**Collected material:**
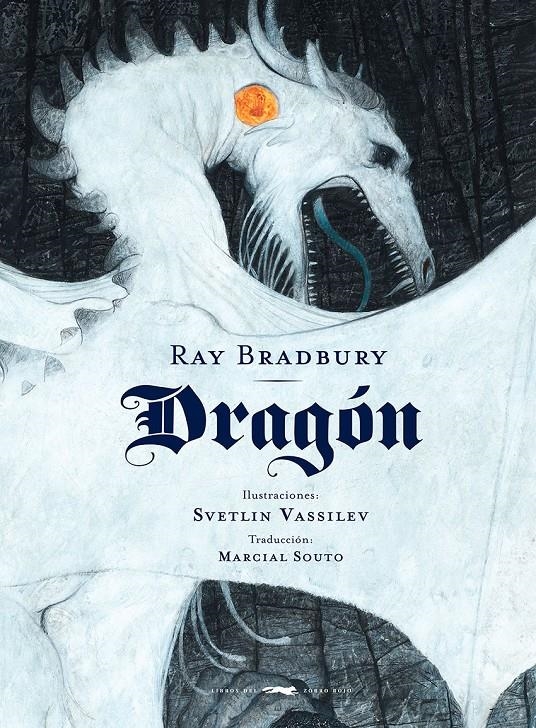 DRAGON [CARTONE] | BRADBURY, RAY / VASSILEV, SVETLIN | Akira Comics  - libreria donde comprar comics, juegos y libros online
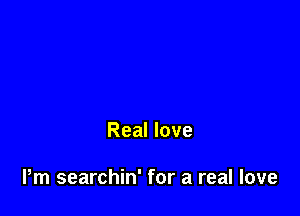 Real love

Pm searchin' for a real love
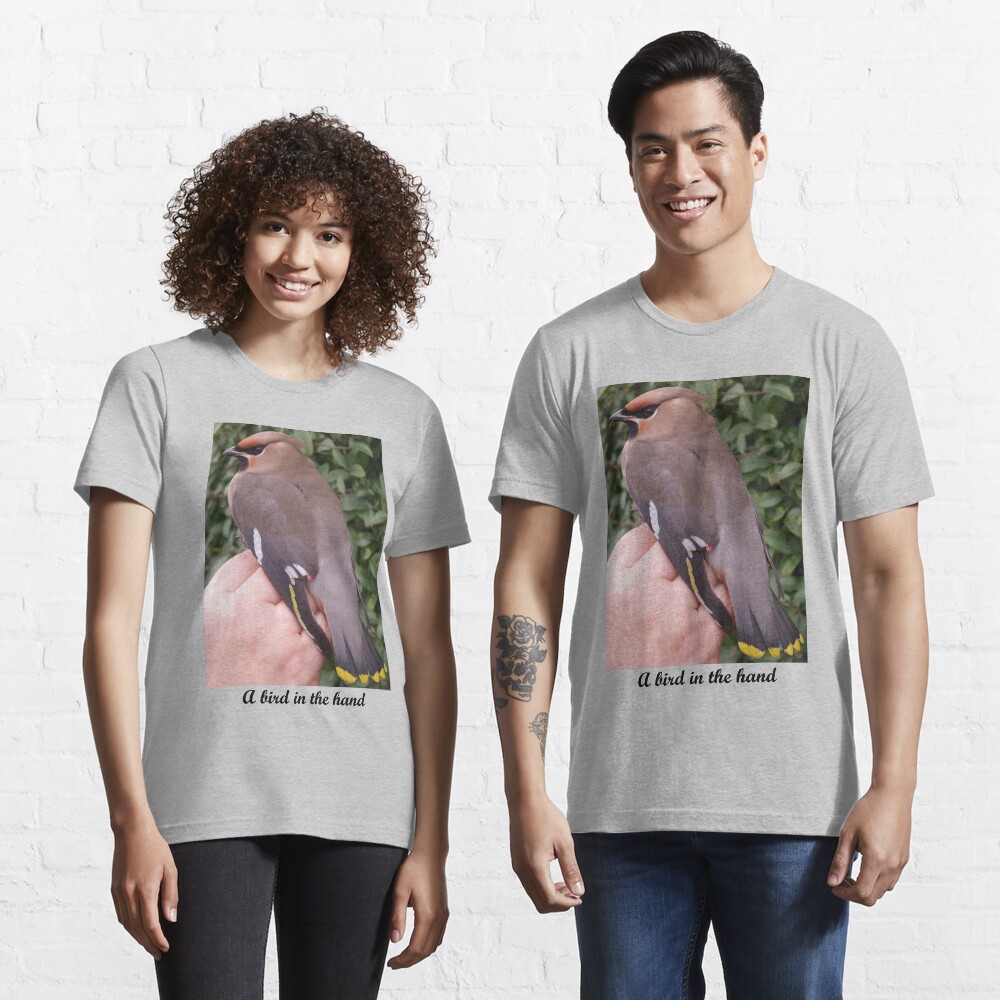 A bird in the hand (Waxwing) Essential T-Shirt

**Task brief:**
All of the data must be set down exactly, with no pictures included.

**Written answer:**
 DRAGON [CARTONE] | BRADBURY, RAY / VASSILEV, SVETLIN | Akira Comics  - libreria donde comprar comics, juegos y libros online
 Real love

Pm searchin' for a real love
 A bird in the hand (Waxwing) Essential T-Shirt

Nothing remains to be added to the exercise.